Top of Raw data

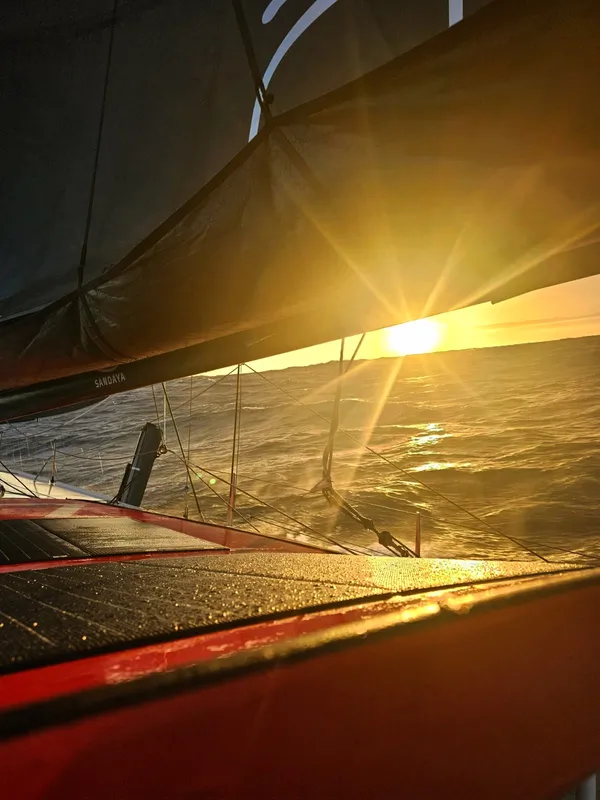 RACE, DECEMBER 14, 2024 : Photo sent from the boat D’Ieteren Group during the Vendee Globe sailing race on December 14, 2024. (Photo by skipper Denis Van Weynbergh)
sunrise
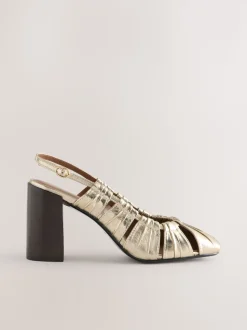 Or - Chaussures Forever Comfort® en Cuir à talons carrés fendus et bride arrière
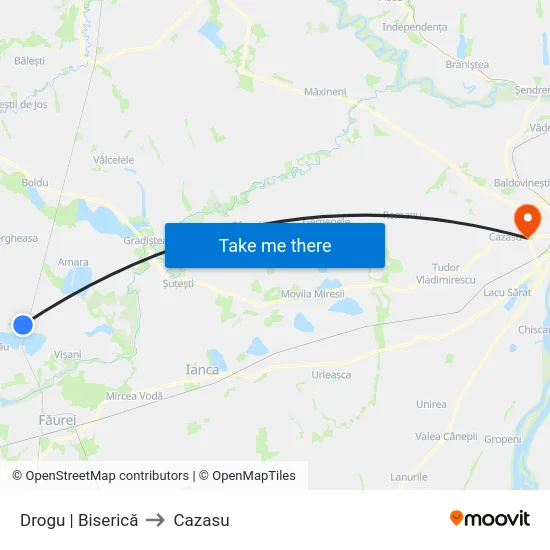 Drogu | Biserică to Cazasu map
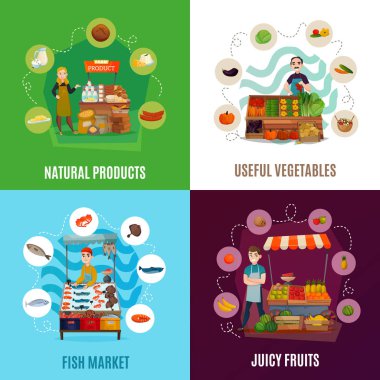  Street Food Concept Icons Set  clipart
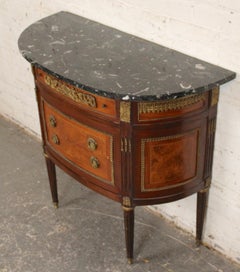 French Louis XVI Style Demilune Commode Chest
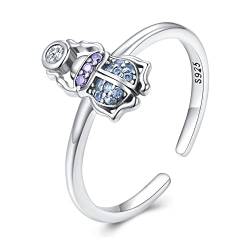 Skarabäus nach unten öffnender Ring 925 Sterling Silber Verlobungsring Versprechen Ring für Frauen, SCR903 von Teleye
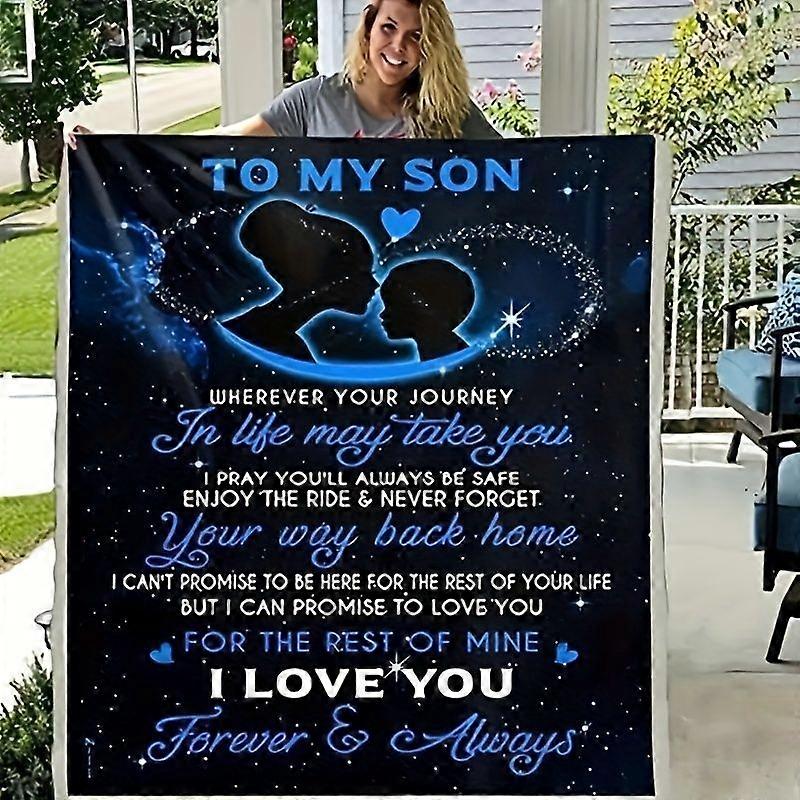 1pc Flannel Blanket, From Mother Blanket to My Son, Warm And Comfortable Soft Blanket, Suitable for All Seasons, Suitabl-mnbvc338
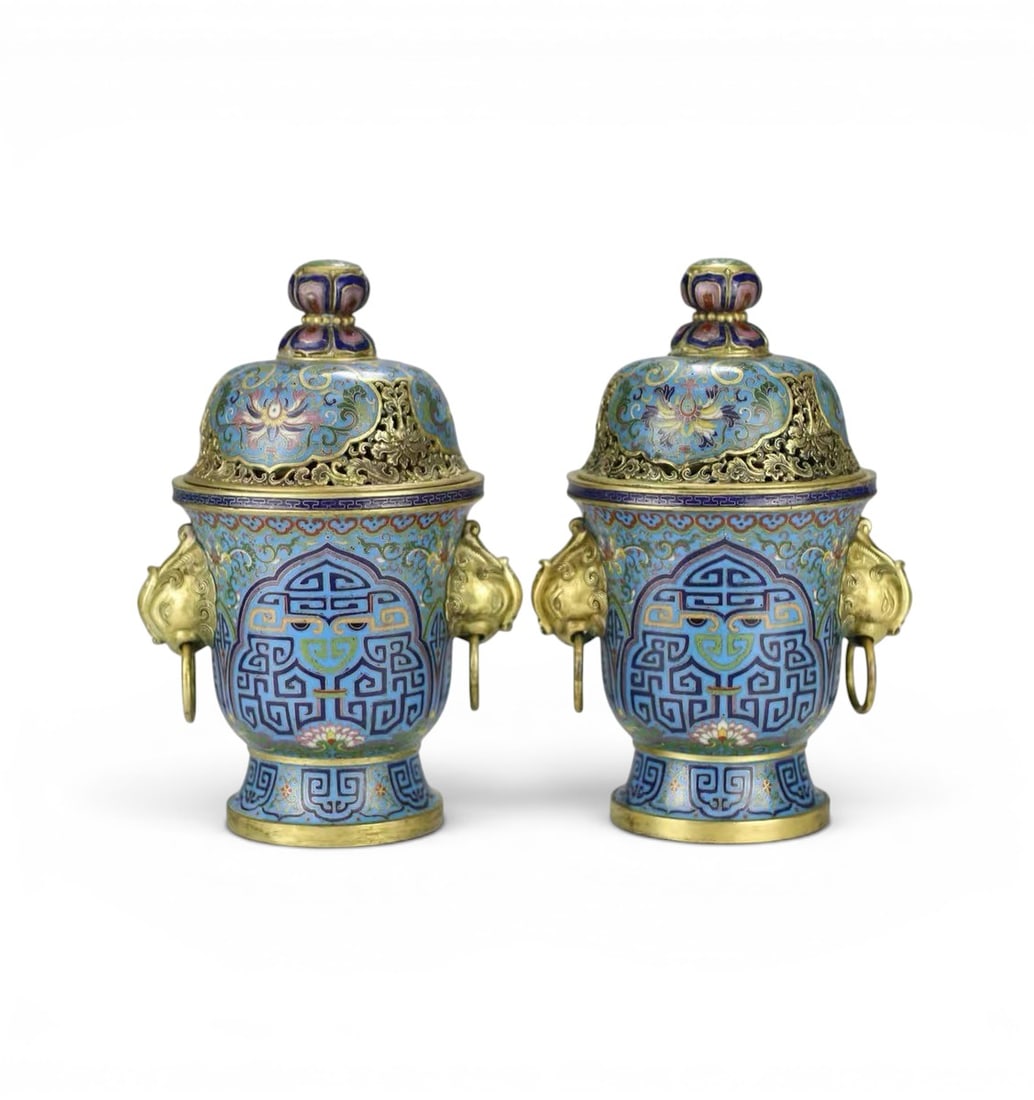 Chinese Art, A Pair of Gilt Cloisonn Enamel Incense Burners, 18th Century, Qing Dynasty: Chinese Art, A Pair of Gilt Cloisonn Enamel Incense Burners, 18th Century, Qing Dynasty, Height 31 cm, Width 19 cm.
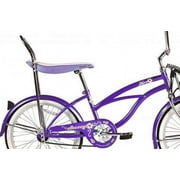 Wonder Wheels 20 In. Beach Cruiser Lowrider Coaster Brake Single Speed Bicycle, Bike With Banana Seat Stainless Steel Spokes One Piece Crank Alloy Rims 36 H - Purple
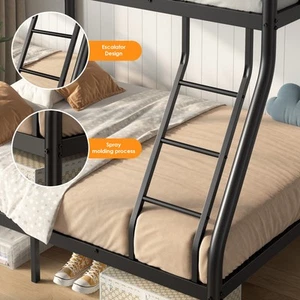 Metal Bunk Bed, Twin Over Full Size Support For Adults Teens, Black - Picture 1 of 8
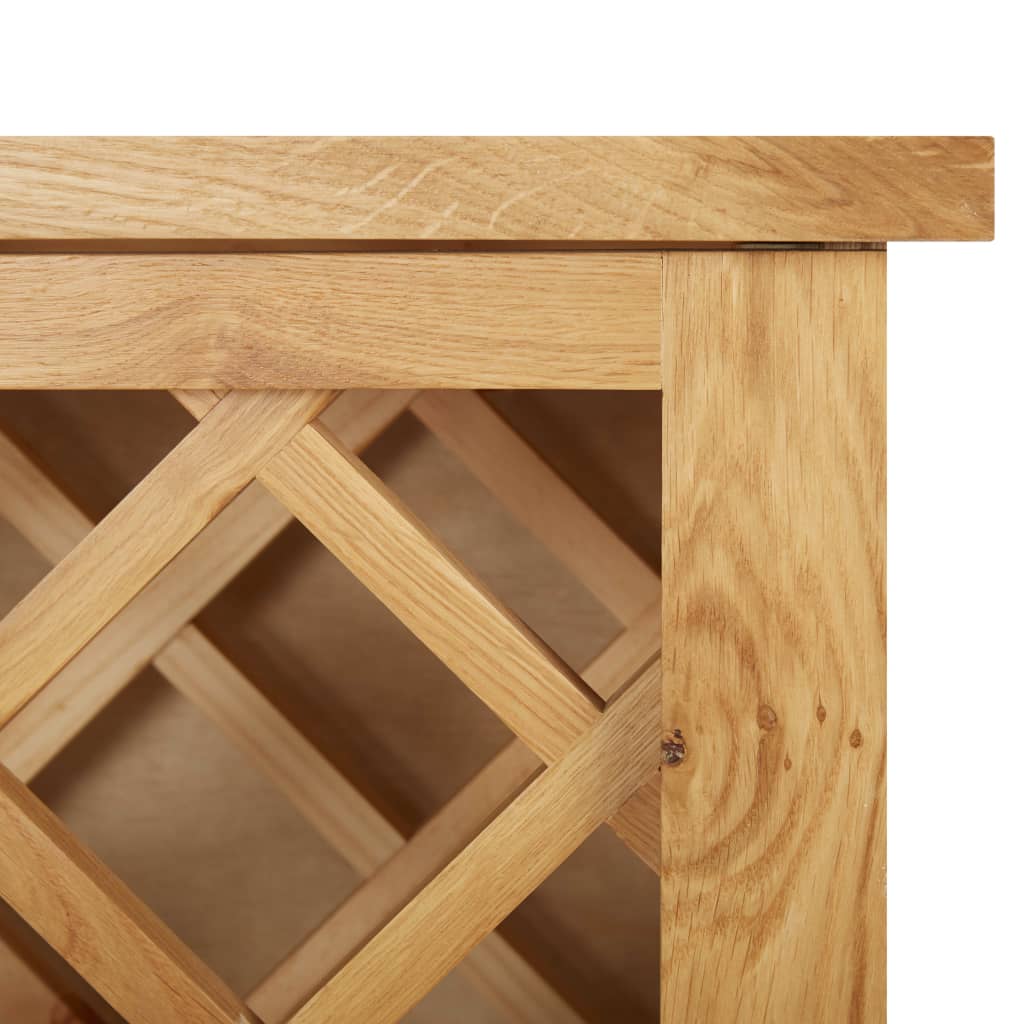vidaXL Wine Cabinet for 11 Bottles 80x32x80 cm Solid Oak Wood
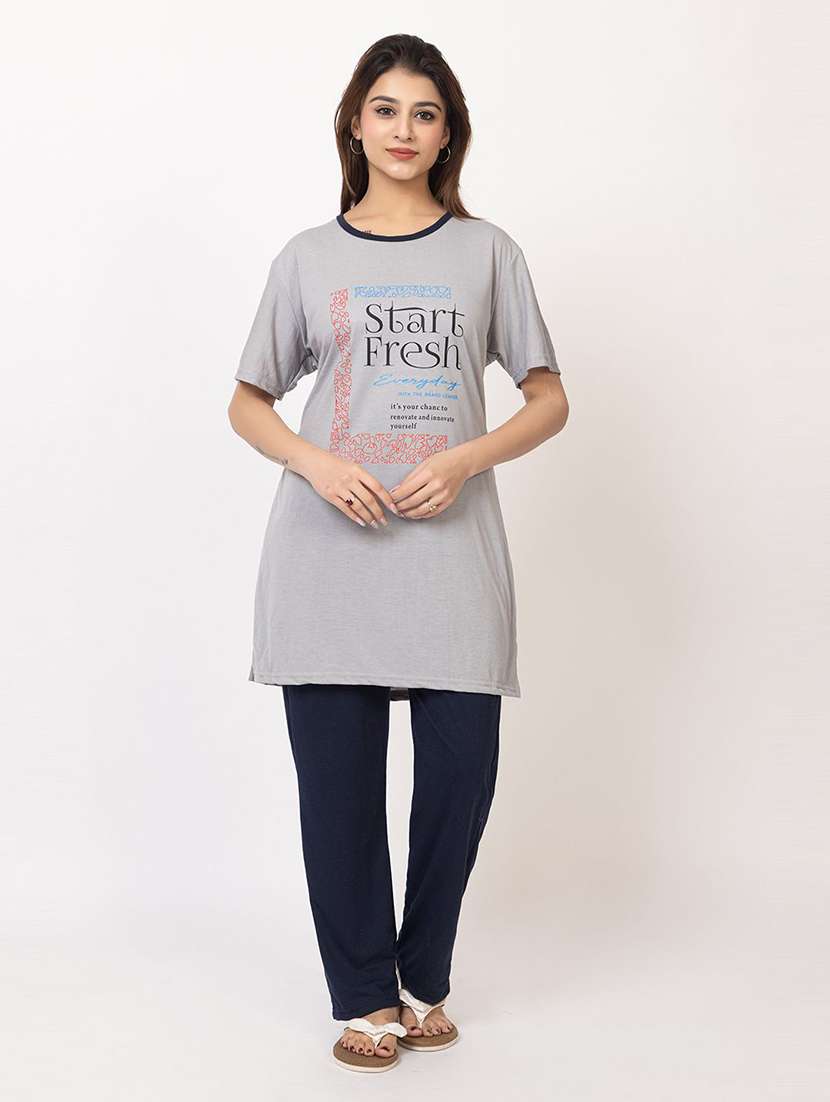 women printed nightwear pyjama set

Bottom of Raw data

▶ [What this task involves]:
From the records above, give again only the part that opens with the line containing "Drogu | Biserică to Cazasu map" and closes with the line containing "1pc Flannel Blanket, From". Keep both ends but drop the pictures.

▶ [Solution]:
 Drogu | Biserică to Cazasu map
  Street Food Concept Icons Set  clipart
 French Louis XVI Style Demilune Commode Chest
 Skarabäus nach unten öffnender Ring 925 Sterling Silber Verlobungsring Versprechen Ring für Frauen, SCR903 von Teleye
 1pc Flannel Blanket, From Mother Blanket to My Son, Warm And Comfortable Soft Blanket, Suitable for All Seasons, Suitabl-mnbvc338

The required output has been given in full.